The United States of America is a nation steeped in the blood of the powerless, but the criminal behavior doesn’t stop at our borders. As Colby Hess pointed out in an article posted previously on this site:
The United States government (largely through the CIA and its predecessors) is directly responsible for the overthrow of at least half a dozen democratically elected governments around the world over the past hundred plus years. Among these are many of our neighbors in Latin America such as Guatemala in 1954, Brazil in 1964, and Chile in 1973. Further afield we have Iran in 1953, which is particularly ironic considering the dire straits of our present day relationship. This list doesn’t include the toppling of non-elected governments (almost all of them replaced by brutal dictators) such as Syria in 1949 and Ghana in 1966. It also doesn’t include direct invasion by U.S. troops such as the Philippines in 1898, Panama (first in 1895 and again at least eight more times since), Grenada in 1983, and most recently, Iraq in 2003.
The blood of the world is on our hands, yet we are told that they hate us for our freedom?
The mythology that tells us we live in the freest nation in the history of the world is just that, a myth! If this were a truly free country hundreds of thousands of our fellow citizens would not be languishing in prisons, providing cheap labor to state and local governments as well as many private industries, simply because they chose to consume substances that at one time were less popular than alcohol, and are known to be far less dangerous. And let’s not forget that many of our prisons are now operated by private, for-profit corporations, which build or buy these facilities with contractual guarantees of at least 90% occupancy before they ever sign their dirty deals.
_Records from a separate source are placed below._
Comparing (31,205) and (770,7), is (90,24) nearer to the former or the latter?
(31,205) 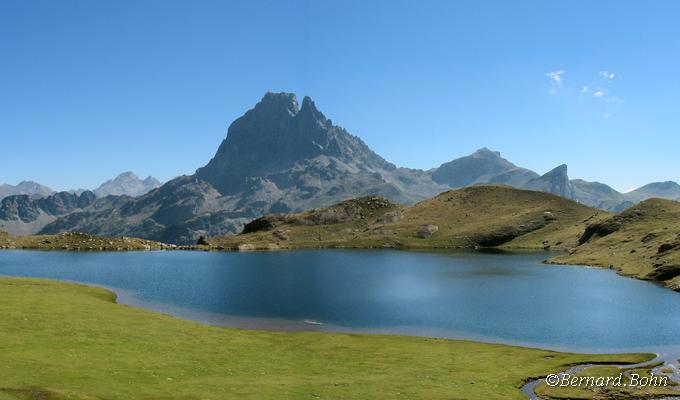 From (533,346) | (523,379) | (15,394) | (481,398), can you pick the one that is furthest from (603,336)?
(15,394)

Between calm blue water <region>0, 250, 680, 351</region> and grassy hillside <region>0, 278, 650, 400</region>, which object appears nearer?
grassy hillside <region>0, 278, 650, 400</region>

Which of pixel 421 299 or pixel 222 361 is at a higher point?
pixel 421 299

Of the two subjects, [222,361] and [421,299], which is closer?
[222,361]

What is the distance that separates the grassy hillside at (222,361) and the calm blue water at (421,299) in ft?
43.2

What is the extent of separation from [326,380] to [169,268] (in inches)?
5675

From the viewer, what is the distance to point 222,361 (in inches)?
2114

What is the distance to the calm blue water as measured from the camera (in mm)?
82875

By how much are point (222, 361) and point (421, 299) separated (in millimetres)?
66359

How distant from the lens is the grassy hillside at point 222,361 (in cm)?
4028

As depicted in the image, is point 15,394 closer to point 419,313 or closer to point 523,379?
point 523,379

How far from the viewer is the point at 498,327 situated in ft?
276

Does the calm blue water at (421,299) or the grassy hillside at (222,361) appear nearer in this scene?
the grassy hillside at (222,361)

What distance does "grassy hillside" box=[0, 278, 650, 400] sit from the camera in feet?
132

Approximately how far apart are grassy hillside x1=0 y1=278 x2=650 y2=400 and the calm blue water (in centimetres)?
1318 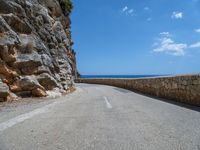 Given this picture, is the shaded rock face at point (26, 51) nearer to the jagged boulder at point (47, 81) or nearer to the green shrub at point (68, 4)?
the jagged boulder at point (47, 81)

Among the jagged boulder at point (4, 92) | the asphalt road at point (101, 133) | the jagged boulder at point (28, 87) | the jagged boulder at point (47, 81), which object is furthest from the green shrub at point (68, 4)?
the asphalt road at point (101, 133)

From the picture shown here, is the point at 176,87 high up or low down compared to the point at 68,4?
down

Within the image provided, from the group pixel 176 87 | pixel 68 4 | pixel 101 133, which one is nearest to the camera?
pixel 101 133

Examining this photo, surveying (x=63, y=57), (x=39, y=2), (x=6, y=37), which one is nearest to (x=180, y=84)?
(x=6, y=37)

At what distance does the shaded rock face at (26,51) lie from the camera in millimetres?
12320

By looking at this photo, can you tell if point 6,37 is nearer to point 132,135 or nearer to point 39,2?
point 39,2

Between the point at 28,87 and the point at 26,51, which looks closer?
the point at 28,87

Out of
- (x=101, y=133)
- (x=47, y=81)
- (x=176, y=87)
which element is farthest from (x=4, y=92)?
(x=176, y=87)

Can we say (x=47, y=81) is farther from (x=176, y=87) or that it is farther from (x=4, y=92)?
(x=176, y=87)

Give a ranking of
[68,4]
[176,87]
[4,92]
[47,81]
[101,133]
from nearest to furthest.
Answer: [101,133] < [4,92] < [176,87] < [47,81] < [68,4]

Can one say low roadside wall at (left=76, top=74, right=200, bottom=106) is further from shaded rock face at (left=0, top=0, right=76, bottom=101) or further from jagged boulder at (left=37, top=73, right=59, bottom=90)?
jagged boulder at (left=37, top=73, right=59, bottom=90)

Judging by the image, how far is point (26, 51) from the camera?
14.2 metres

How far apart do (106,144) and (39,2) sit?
18031 millimetres

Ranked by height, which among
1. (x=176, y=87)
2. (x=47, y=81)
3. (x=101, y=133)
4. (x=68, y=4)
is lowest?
(x=101, y=133) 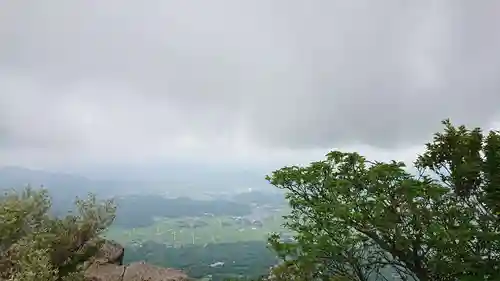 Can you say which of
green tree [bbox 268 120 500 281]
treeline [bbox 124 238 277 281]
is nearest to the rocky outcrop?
green tree [bbox 268 120 500 281]

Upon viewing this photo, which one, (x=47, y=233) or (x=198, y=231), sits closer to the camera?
(x=47, y=233)

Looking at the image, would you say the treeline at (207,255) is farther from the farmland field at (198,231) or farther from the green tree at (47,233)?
the green tree at (47,233)

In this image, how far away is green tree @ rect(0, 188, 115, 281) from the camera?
387 inches

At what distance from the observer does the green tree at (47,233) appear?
9836mm

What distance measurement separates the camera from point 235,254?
28891 mm

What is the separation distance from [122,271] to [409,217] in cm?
884

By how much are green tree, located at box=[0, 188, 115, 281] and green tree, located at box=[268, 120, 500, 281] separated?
5.24 metres

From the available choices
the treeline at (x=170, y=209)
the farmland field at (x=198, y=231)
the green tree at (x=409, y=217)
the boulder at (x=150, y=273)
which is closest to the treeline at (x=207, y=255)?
the farmland field at (x=198, y=231)

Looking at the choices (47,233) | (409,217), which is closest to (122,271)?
(47,233)

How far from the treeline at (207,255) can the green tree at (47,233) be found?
9.08 m

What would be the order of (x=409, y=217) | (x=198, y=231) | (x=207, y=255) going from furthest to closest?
(x=198, y=231)
(x=207, y=255)
(x=409, y=217)

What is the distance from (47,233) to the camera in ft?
33.9

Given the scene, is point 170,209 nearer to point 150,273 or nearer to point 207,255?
point 207,255

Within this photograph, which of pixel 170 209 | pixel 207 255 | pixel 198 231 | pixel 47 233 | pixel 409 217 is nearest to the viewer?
pixel 409 217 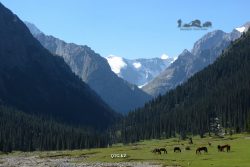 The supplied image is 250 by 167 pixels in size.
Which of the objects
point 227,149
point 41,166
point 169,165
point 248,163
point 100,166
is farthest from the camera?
point 227,149

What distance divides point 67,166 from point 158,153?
32.5 metres

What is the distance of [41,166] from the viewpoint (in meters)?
103

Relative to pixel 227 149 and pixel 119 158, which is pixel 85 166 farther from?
pixel 227 149

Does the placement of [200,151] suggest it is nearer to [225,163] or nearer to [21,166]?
[225,163]

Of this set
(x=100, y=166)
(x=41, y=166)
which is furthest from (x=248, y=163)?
(x=41, y=166)

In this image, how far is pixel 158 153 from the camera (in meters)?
125

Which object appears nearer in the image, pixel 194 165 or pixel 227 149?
pixel 194 165

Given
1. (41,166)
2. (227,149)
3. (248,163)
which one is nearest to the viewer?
(248,163)

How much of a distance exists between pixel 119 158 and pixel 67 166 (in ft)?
72.0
Slavery never ended in the United States, the pool of possible captives was merely expanded and the rules of their captivity only slightly altered. Don’t even get me started on the wage-slavery scheme that is our higher education / student loan system. What better way to ensure a compliant population than to offer them two options; sell yourself into nearly insurmountable debt in exchange for a so-called education and the hope of a slightly higher income, or languish at the bottom in industries that barely pay subsistence wages?
The ugly truth of the matter is that we live in one of the most despotic nations the world has ever known, and our government is justifiably hated across many regions of the planet. The ideals we hold so dear: freedom of speech and religion, freedom of the press, habeas corpus, protection from unreasonable search and seizure, privacy. That’s all going away just as quickly as our apathetic population can be frightened into accepting it.